Description
Prerequisites
- I am running the latest code. Mention the version if possible as well.
- I carefully followed the README.md.
- I searched using keywords relevant to my issue to make sure that I am creating a new issue that is not already open (or closed).
- I reviewed the Discussions, and have a new and useful enhancement to share.
Feature Description
Background
I have a fork of llama.cpp for building cross-CPU / cross-platform binaries with Cosmopolitan.
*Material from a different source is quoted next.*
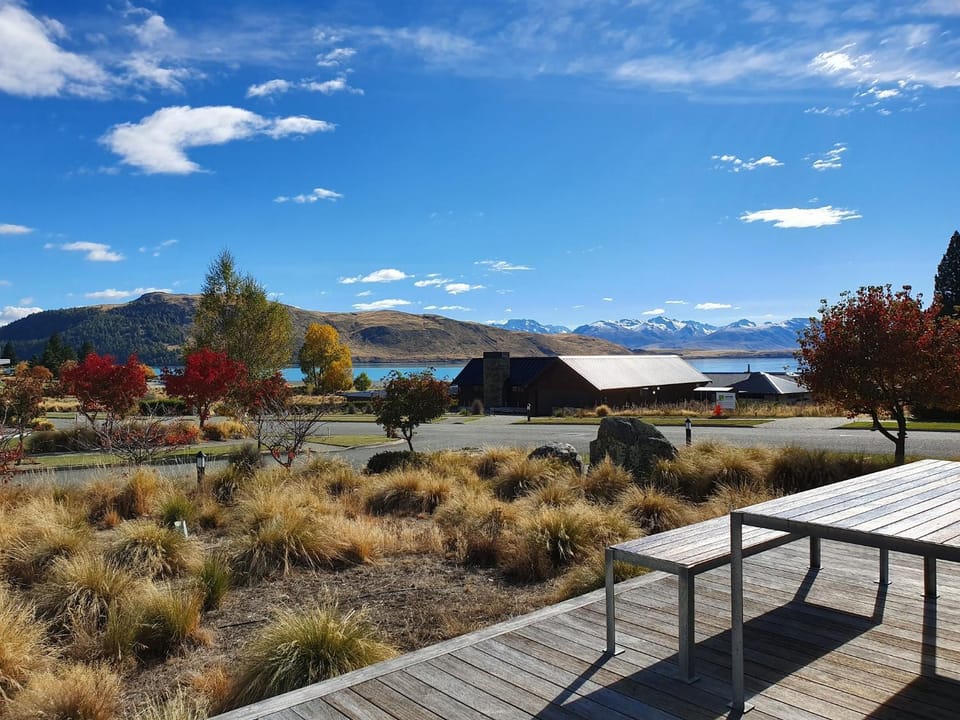 Neighbourhood, Lake view, Mountain view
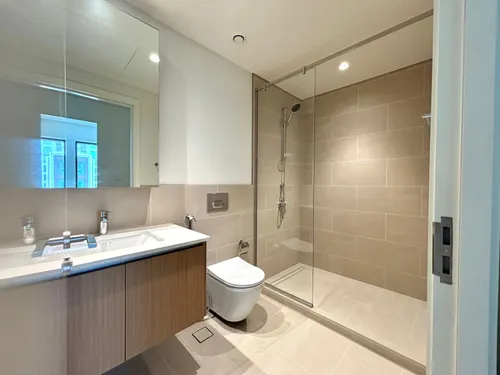 1 Bedroom Apartment in Grove at Creek Beach Building 1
Think of it like llamafile, except llama.cpp is up-to-date (weekly or more). I use a modified old Makefile to build things, as I was unable to come up with an architecture for CMake that works with cosmo.
https://github.com/BradHutchings/llama-server-one
At compile time, cosmo wants to build an ARM binary and an x86 binary to merge together on my build system. This precludes using any of the GPU optimizations and it's become a little awkward with the CPU optimizations.
I work around this by making a generic CPU architecture for cosmo to compile:
mkdir -p ggml/src/ggml-cpu/arch/cosmo
cp ggml/src/ggml-cpu/repack.cpp ggml/src/ggml-cpu/arch/cosmo/
cp ggml/src/ggml-cpu/quants.c ggml/src/ggml-cpu/arch/cosmo/
sed -i -e "s/_generic//g" ggml/src/ggml-cpu/arch/cosmo/repack.cpp
sed -i -e "s/_generic//g" ggml/src/ggml-cpu/arch/cosmo/quants.c
This works great right now with how ggml-cpu has been reorganized. I'm hoping that a generic architecture that just calls back into the _generic
functions in ggml/src/ggml-cpu/repack.cpp
and ggml/src/ggml-cpu/quants.c
can be added to ggml-cpu/arch
. A subfolder, ggml-cpu/arch/generic
seems appropriate.
Motivation
Building llama.cpp with Cosmopolitan.
Possible Implementation
I'm hoping that a generic architecture that just calls back into the _generic
functions in ggml/src/ggml-cpu/repack.cpp
and ggml/src/ggml-cpu/quants.c
can be added to ggml-cpu/arch
. A subfolder, ggml-cpu/arch/generic
seems appropriate.